__Problem to work on__
Your job is to return the whole listing unchanged while skipping its images.

__Source data__
───
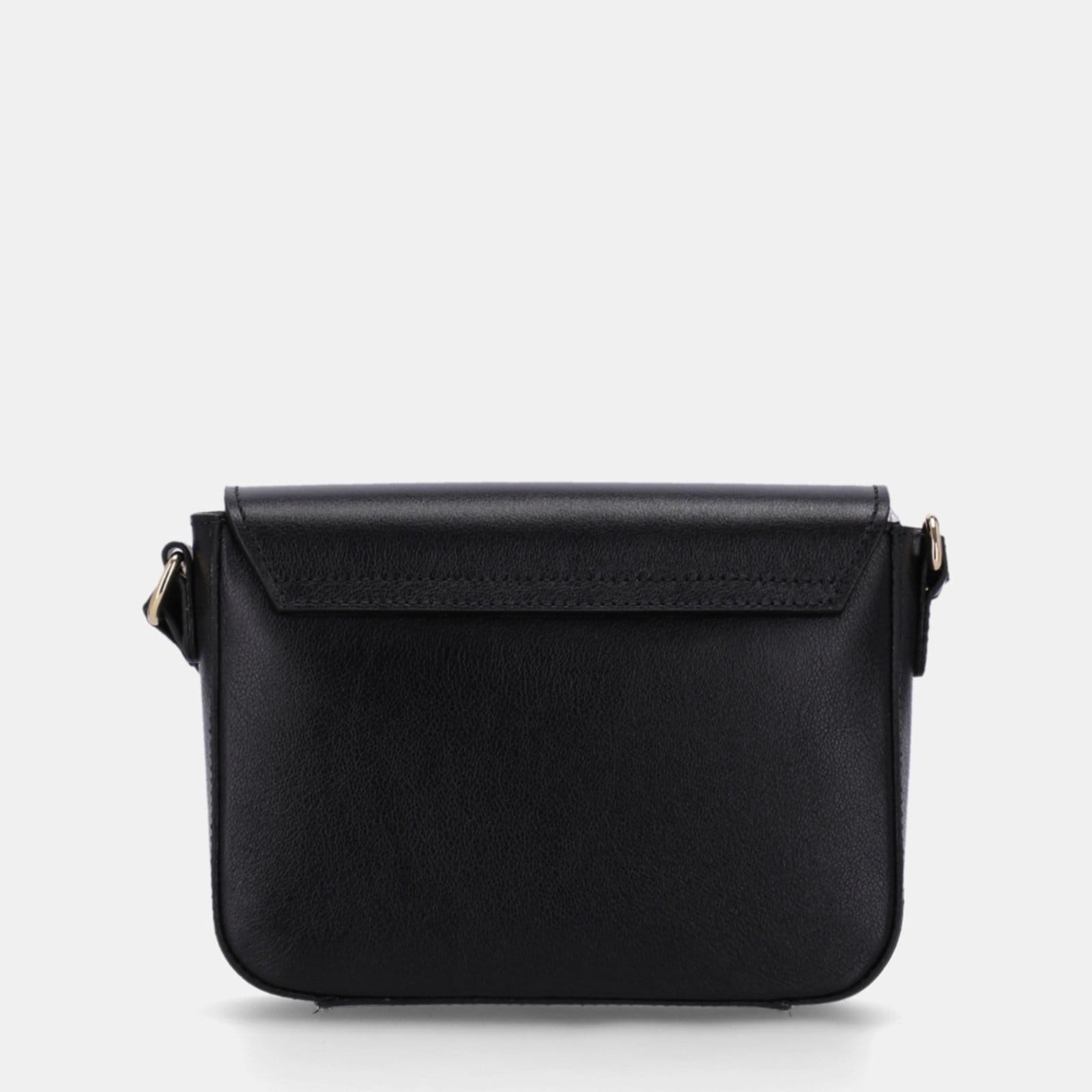 Vista 2 Bolsa Média Couro Luz da Lua - 2000356 Luz Da Lua Luz Da Lua preto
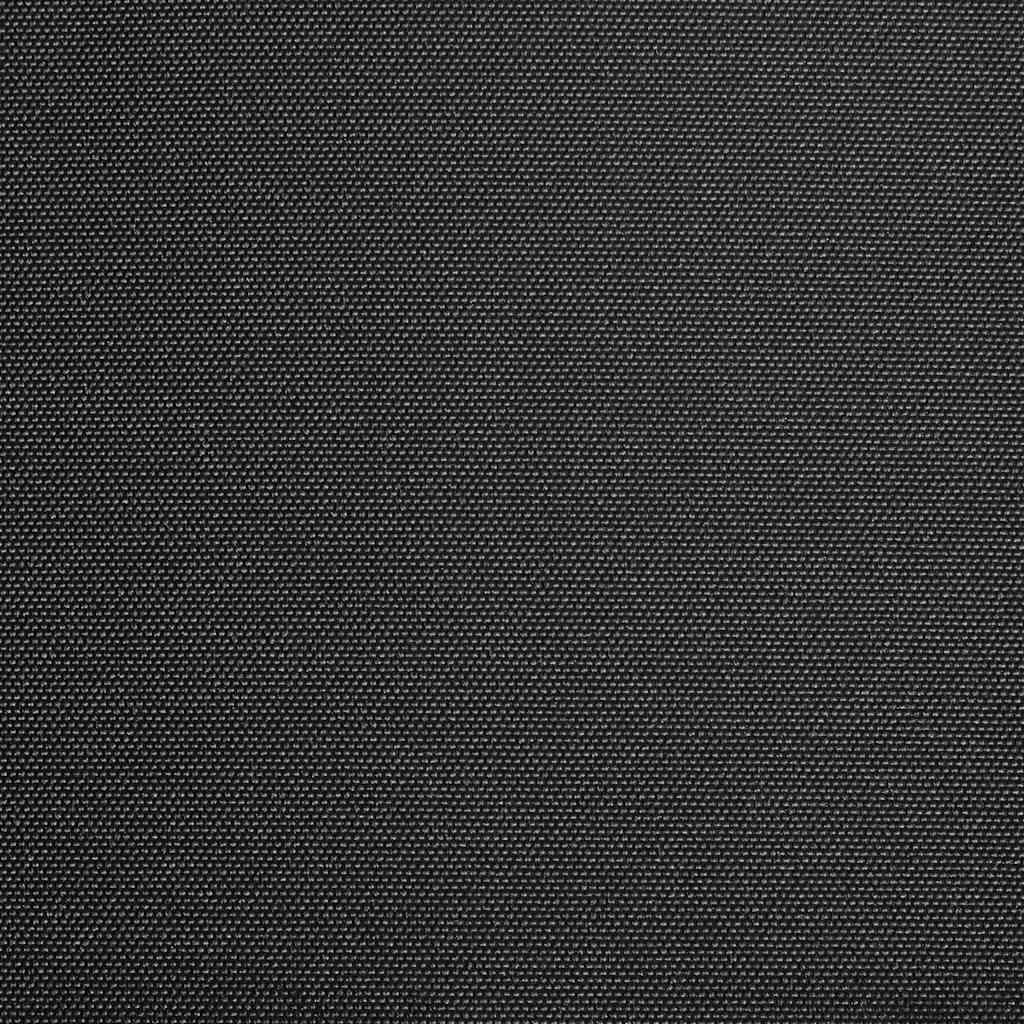 Tela de repuesto para toldo gris antracita 400x350 cm poliéster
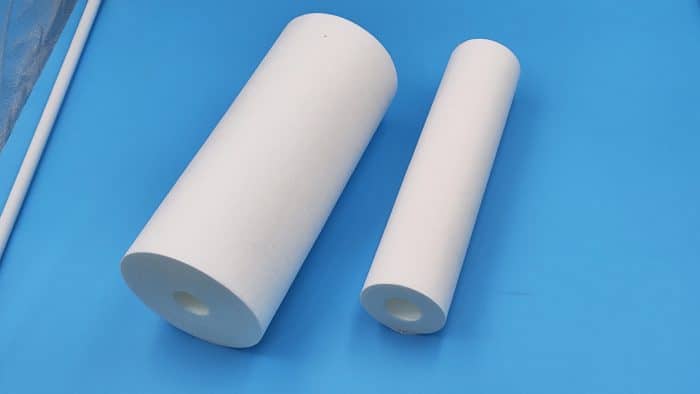 Melt Blown Cartridge Coreless, 25 Micron, 10 in length, 2.5 in dia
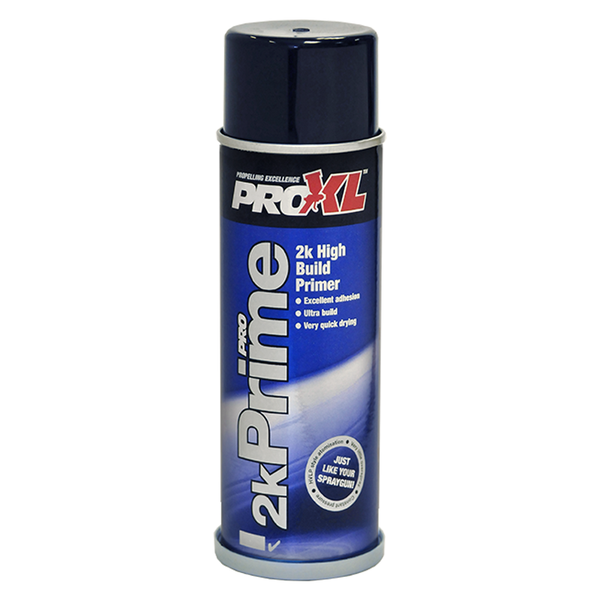 ProXL Pro2KPrime 2K High Build Primer Spray Aerosol 500ml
───
__Task output__
 Vista 2 Bolsa Média Couro Luz da Lua - 2000356 Luz Da Lua Luz Da Lua preto
 Tela de repuesto para toldo gris antracita 400x350 cm poliéster
 Melt Blown Cartridge Coreless, 25 Micron, 10 in length, 2.5 in dia
 ProXL Pro2KPrime 2K High Build Primer Spray Aerosol 500ml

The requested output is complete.